#### WHAT IS EXPECTED:
Among the records that follow, set down only the lines from the one containing "Ferienhaus im skandinavischen" to the one containing "Sell frozen surimi sticks", both included, exactly.

=== DATA RECORDS ===

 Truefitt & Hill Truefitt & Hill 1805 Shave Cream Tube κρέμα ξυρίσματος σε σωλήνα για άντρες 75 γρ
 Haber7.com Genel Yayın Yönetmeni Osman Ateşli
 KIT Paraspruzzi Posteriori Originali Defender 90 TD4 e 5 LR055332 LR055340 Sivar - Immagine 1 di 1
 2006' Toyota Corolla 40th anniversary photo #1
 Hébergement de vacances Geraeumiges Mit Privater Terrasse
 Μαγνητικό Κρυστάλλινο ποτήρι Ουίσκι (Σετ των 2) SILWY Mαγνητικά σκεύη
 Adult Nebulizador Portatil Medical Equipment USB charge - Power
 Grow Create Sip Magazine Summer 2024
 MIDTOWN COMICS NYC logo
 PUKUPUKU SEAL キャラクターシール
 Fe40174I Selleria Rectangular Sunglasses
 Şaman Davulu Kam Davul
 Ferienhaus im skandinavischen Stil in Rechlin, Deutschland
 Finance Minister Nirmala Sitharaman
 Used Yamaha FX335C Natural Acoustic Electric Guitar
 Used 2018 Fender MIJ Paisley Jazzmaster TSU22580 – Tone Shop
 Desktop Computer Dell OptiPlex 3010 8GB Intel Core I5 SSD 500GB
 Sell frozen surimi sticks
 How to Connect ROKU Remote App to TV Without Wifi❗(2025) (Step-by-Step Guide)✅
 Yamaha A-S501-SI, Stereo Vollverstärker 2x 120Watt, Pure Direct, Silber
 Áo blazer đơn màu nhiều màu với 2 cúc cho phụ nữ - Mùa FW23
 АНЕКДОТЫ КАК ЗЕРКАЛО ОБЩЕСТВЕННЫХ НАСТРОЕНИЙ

===

#### SOLUTION:
 Ferienhaus im skandinavischen Stil in Rechlin, Deutschland
 Finance Minister Nirmala Sitharaman
 Used Yamaha FX335C Natural Acoustic Electric Guitar
 Used 2018 Fender MIJ Paisley Jazzmaster TSU22580 – Tone Shop
 Desktop Computer Dell OptiPlex 3010 8GB Intel Core I5 SSD 500GB
 Sell frozen surimi sticks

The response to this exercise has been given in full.